The only fly in the ointment is the thought that for about £80 I could have an ION netbook, but I'll try to resist that temptation! :)
 
Samsung. I base this on a comparison of the insides of the Asus 701 and the Samsung NC10 and the Samsung N110. The latter two were convincingly better built. The more expensive Asus netbooks may well be in a different league to the 701.

Suppose I should mention the rma process for Asus. There's someone on these forums who sent an Asus netbook off well over 6 months ago and is yet to see any sign of it. Don't know what Samsung is like yet, but it can't really be worse. I went with the purple shirts and their "you break it, in any way, and we accept liability and fix it" policy.
 
I had an NC10, was superb, my only issue is the res of the screen is too low, but then that's standard res for a netbook. Build quality was sturdy (for a netbook) nothing glossy or amazing, not on the same level as my Vaio P, but then that was £800, not £300. As £300 I would be tempted to add an inch to the screen, make it a "HD" res, and have ION. Would 100% recommend the NC10 either way, solid 6 hours battery life is awesome.

Samsung warranties are very good too, just had a HDD sent away for RMA and got a new one back within 28 days.
 
I can't really fit ION and HD on £300, at least not on any of the etailers I've looked at... :confused: The only one within the budget is the HP 310c which has ION for £310, but that one only has Windows XP and no multitouch touchpad, things which would make working on a tiny netbook for extended periods of time much more tolerable.
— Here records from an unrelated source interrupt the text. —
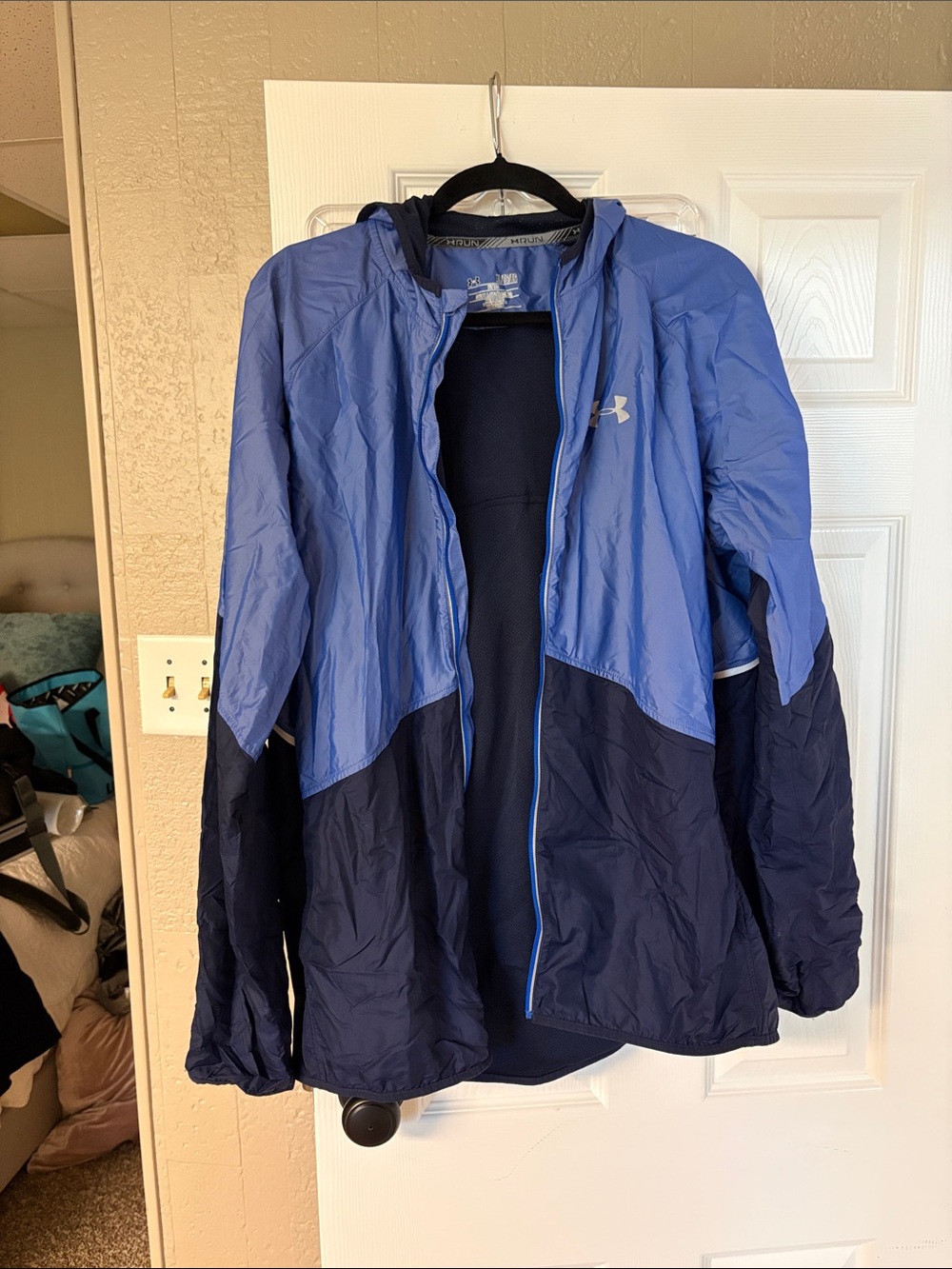 Under Armour Men's Two-Tone Blue Hooded Windbreaker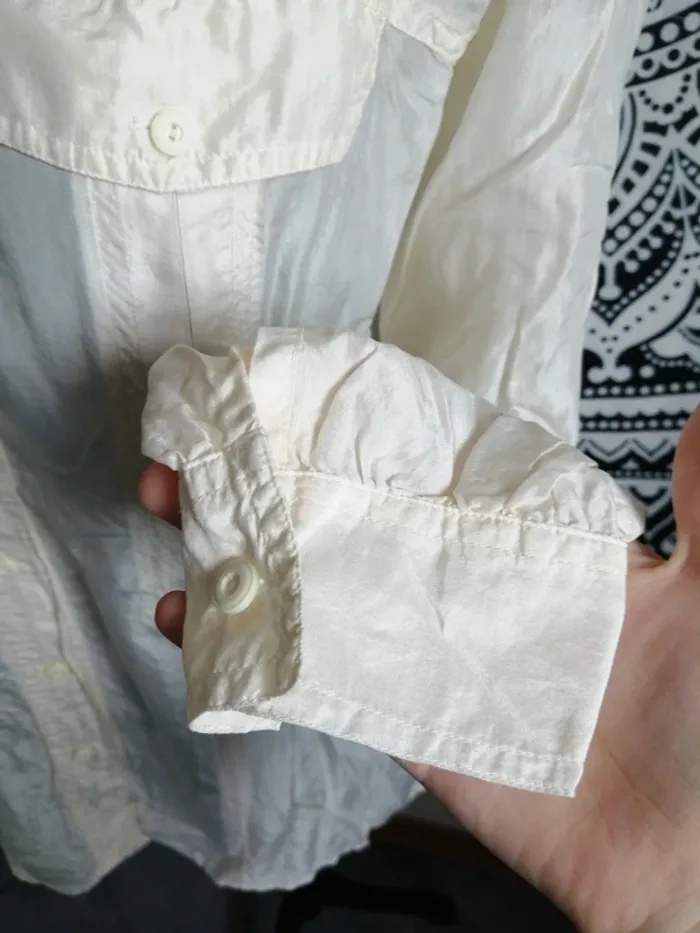 Chemise vintage en soie beige transparente avec épaulettes / sans marque / (M) - photo numéro 5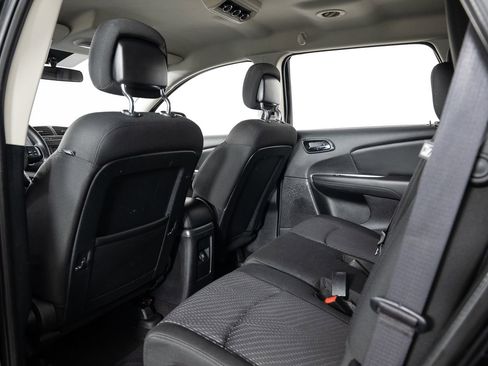 Used 2016 Dodge Journey SXT w/ Comfort/Convenience Group image 19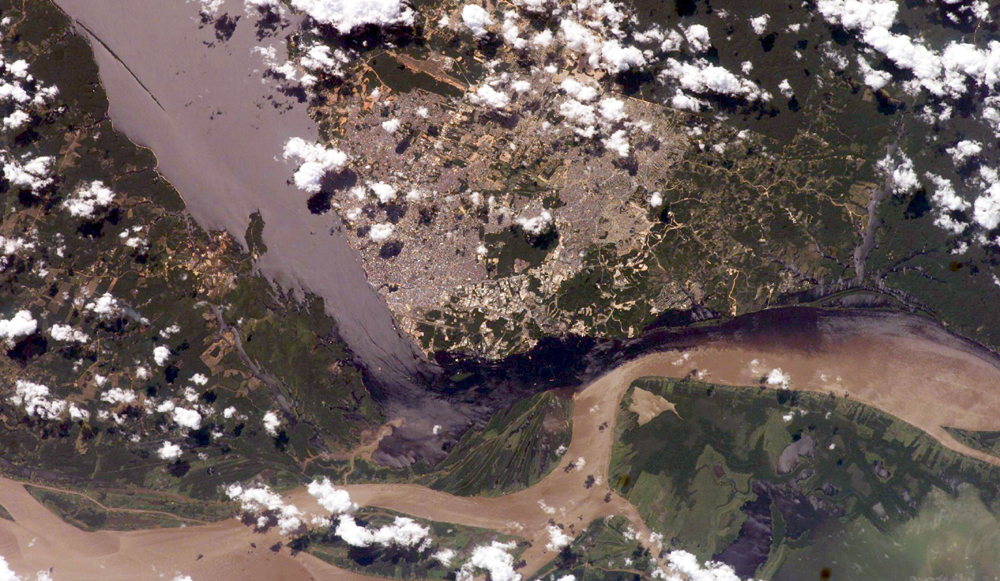 Confluence of the Solimões and the Negro rivers - Full size | Gifex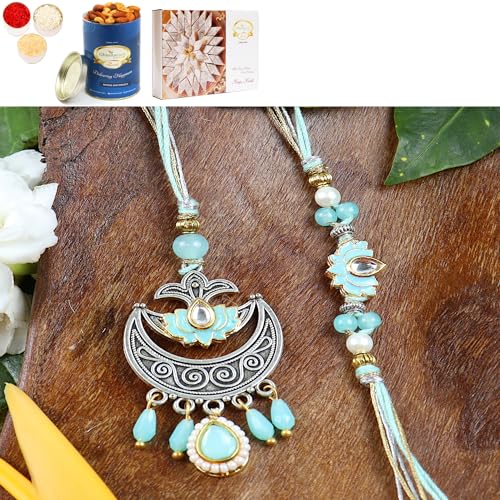 Ghasitaram Gifts Jaiccha Rakhi for Brother Rakhis Online LS24-049- Metal and Kundan Bhaiya Bhabhi Rakhi with 100 gms of Dryfruits Mix Can 200 gms of Kaju katli Ghasitaram Gifts Jaiccha Rakhi for Brother Rakhis Online LS24-049- Metal and Kundan Bhaiya Bhabhi Rakhi with 100 gms of Dryfruits Mix Can 200 gms of Kaju katli von Jaiccha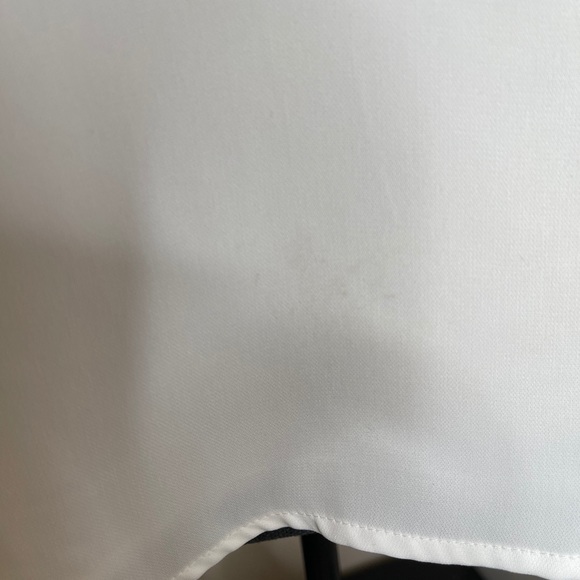 White cami - Picture 4 of 7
The closest that ION gets to my £300 budget (that I could find at least) is the Samsung N510 for £385ish and the Asus 1201N, which at £400 is even more expensive (but might be worthwhile as it has a dual-core CPU, whereas the N510's 1-core Atom would be a bottleneck on the ION GPU, meaning I wouldn't be makign the most of my investment).There's also the HP Pavilion DM1-1102SA for about the same price range (£380) which has an Intel 4500. Frankly HP are stupid to price it that high, because the only reason anyone would pick the 4500 over an ION at the same price would be if they really needed every second of battery life they could spare.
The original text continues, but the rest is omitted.